For Thanksgiving Day and Christmas morning, I used to get up really early to start making fresh cinnamon rolls and dinner rolls for my family on these very special days. I would set my alarm for 4 a.m., go downstairs and begin the process of mixing the dough. I’d turn on the oven light for a bit, just long enough to warm the oven up a little, while I got the ingredients together.
The milk went into a large pan and onto a burner to warm to just the right temperature. When it got warm enough, I’d take it off the burner and add in the butter to melt and pinch of salt, gradually mixing in a flour/sugar/yeast mixture, along with the eggs, and then beat it on high for one minute. After that, I’d start adding more flour bit by bit and mixing by hand, eventually pouring the mixture onto the freshly-washed and floured kitchen table, kneading the dough until it was just the right consistency.
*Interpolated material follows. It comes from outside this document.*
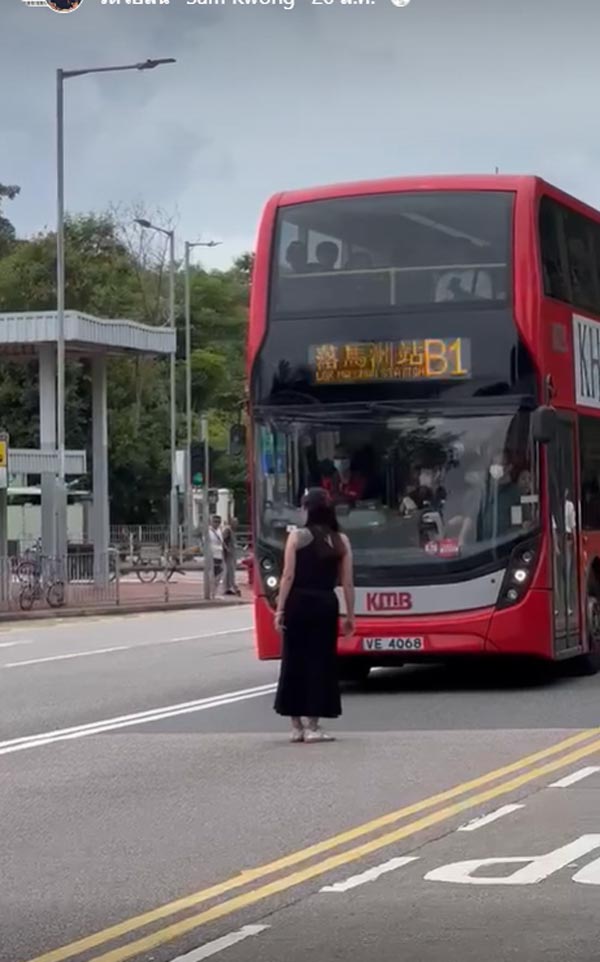 ยืนขวางรถเมล์กลางถนน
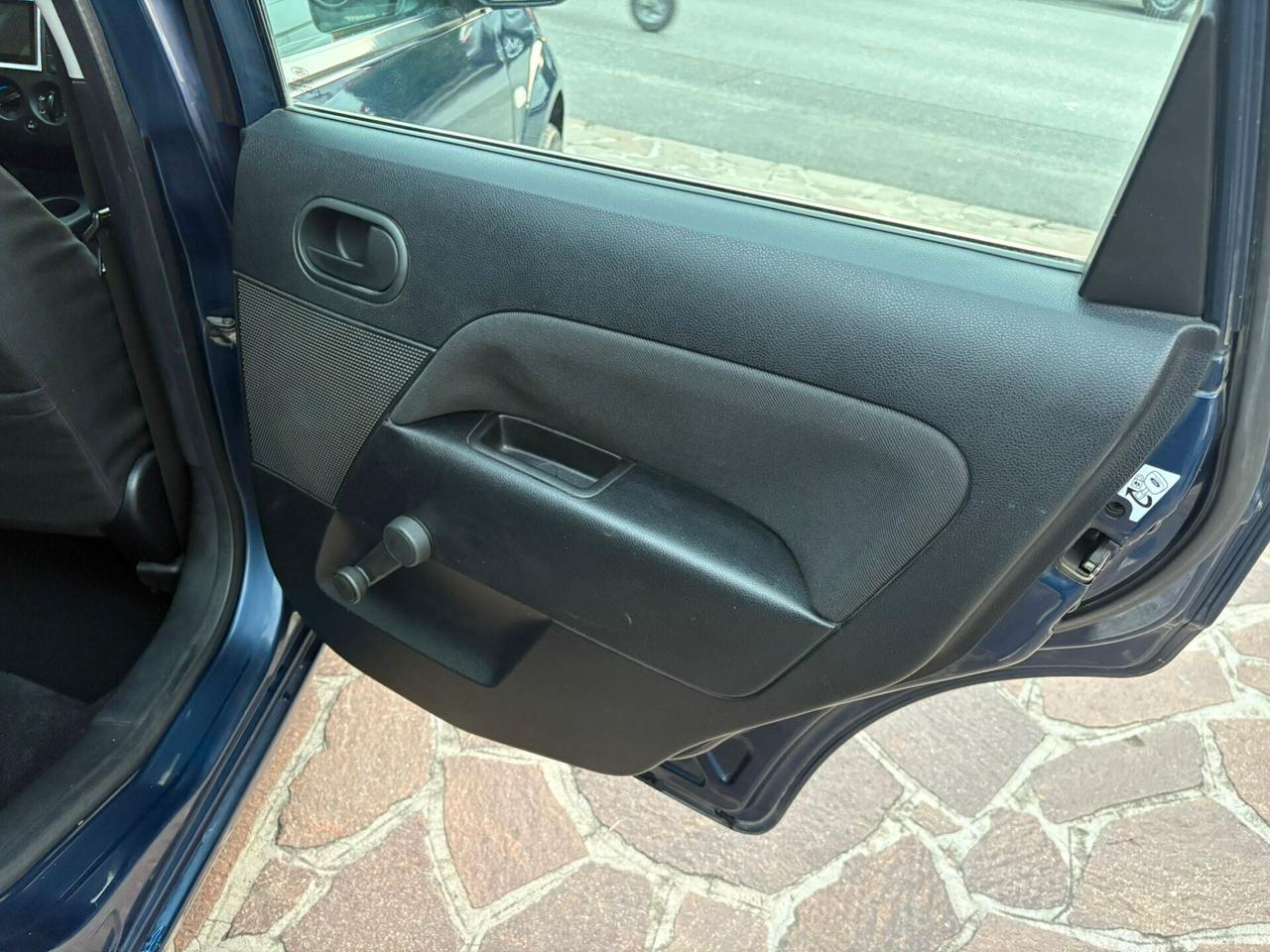 Ford Fiesta 1.2 16V 5p. Ghia GPL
Once it was all mixed to the perfect consistency, the dough (covered by wax paper and a clean kitchen towel) went back into the now-greased pan and into the oven that had been warmed by the oven light. There it would sit until it had risen to the perfect, fluffy height.
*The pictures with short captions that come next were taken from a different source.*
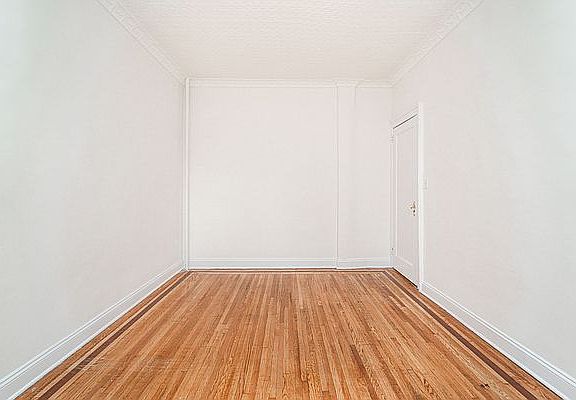 4th image of 22-05 37th St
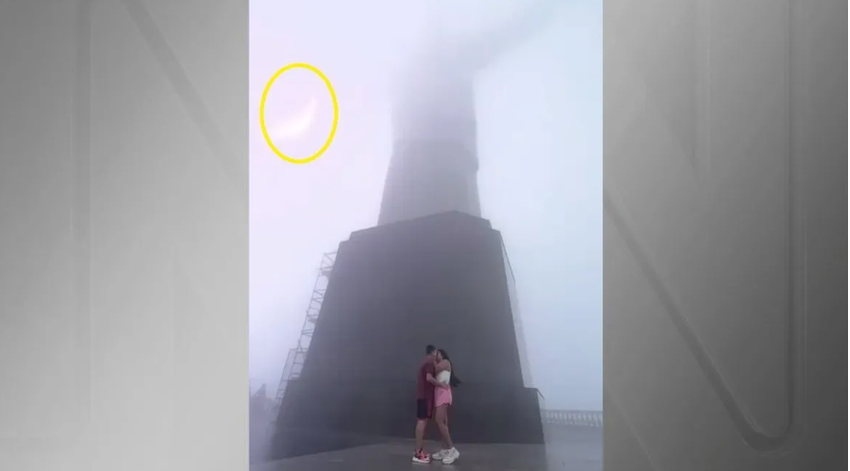 Vídeo: Raio atinge o Cristo Redentor enquanto casal se beija e tira foto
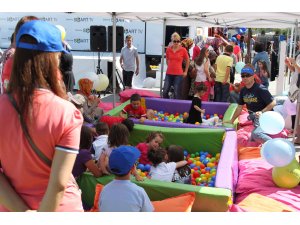 Smart TV TIR’ıyla Türkiye’yi gezmeye devam ediyor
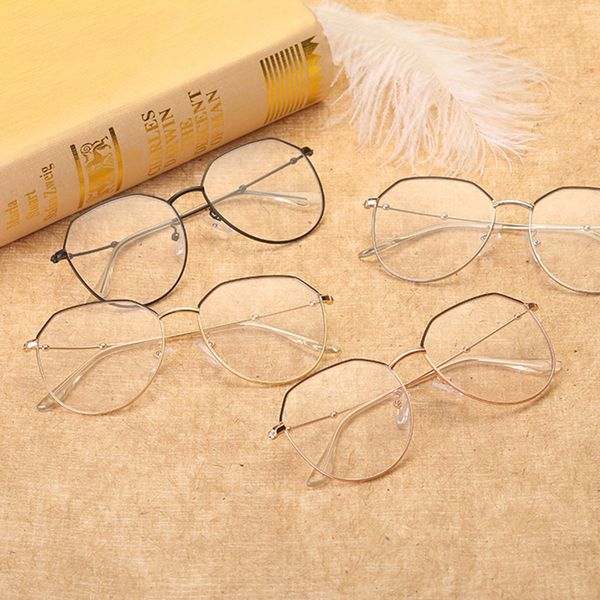 luxury-selling metal polygon flat mirror irregular korean version of the glasses frame for men and women with glasses frames, Silver
luxury-selling metal polygon flat mirror irregular korean version of the glasses frame for men and women with glasses frames, Silver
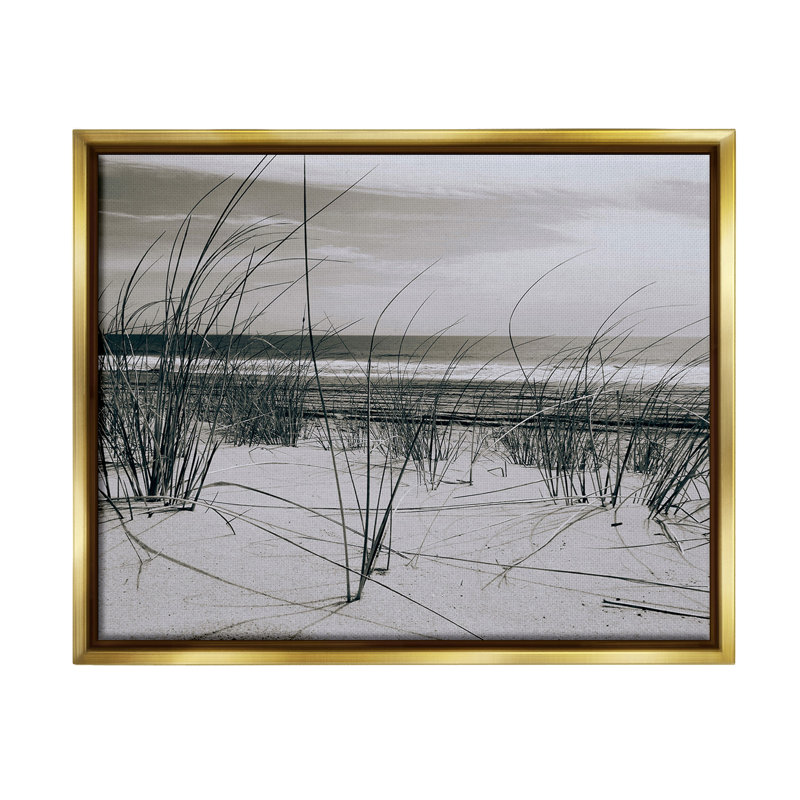 "Subtle Beach Reeds" par Graffitee Studios sur toile, H 17 po x l 21 po, Cadre flottant métallique doré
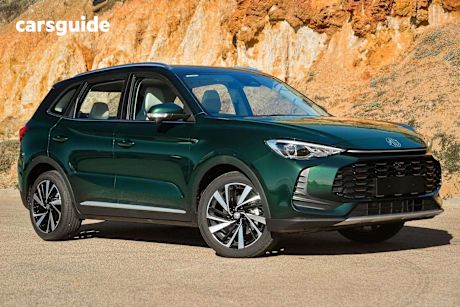 Green 2025 MG ZS Wagon Essence Hybrid+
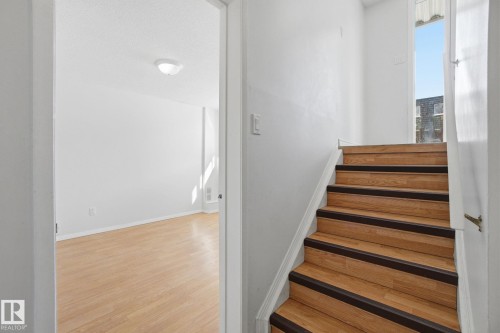 3321 107 Avenue, Edmonton, AB - Indoor Photo Showing Other Room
I’d go back to bed, setting my alarm to wake up and go back downstairs in another hour and a half or so. I would pull the dough out of the oven, carefully remove the wax paper, and then poke two fingers down into the dough. Sometimes it would have risen so much it would look like a muffin with dough pooching over the side of the pan. There’s something so satisfying about poking fingers into beautiful, raised dough. And it smells so wonderfully yeast-y. I’d then fold the dough in on itself to deflate it a bit so I could get it ready for the next step.
I’d take a big knife and carefully section each of the dough balls into quarter-portions – some for dinner rolls and the rest (most of it) for cinnamon rolls. I started with the dinner rolls, because they were the quickest to put together. Half dollar-sized chunks of dough were pulled off and rolled into little balls. Into greased cupcake pans they would go, three to a cup, to make cloverleaf dinner rolls. Covered and set onto the stove to rise, I’d move onto making cinnamon rolls.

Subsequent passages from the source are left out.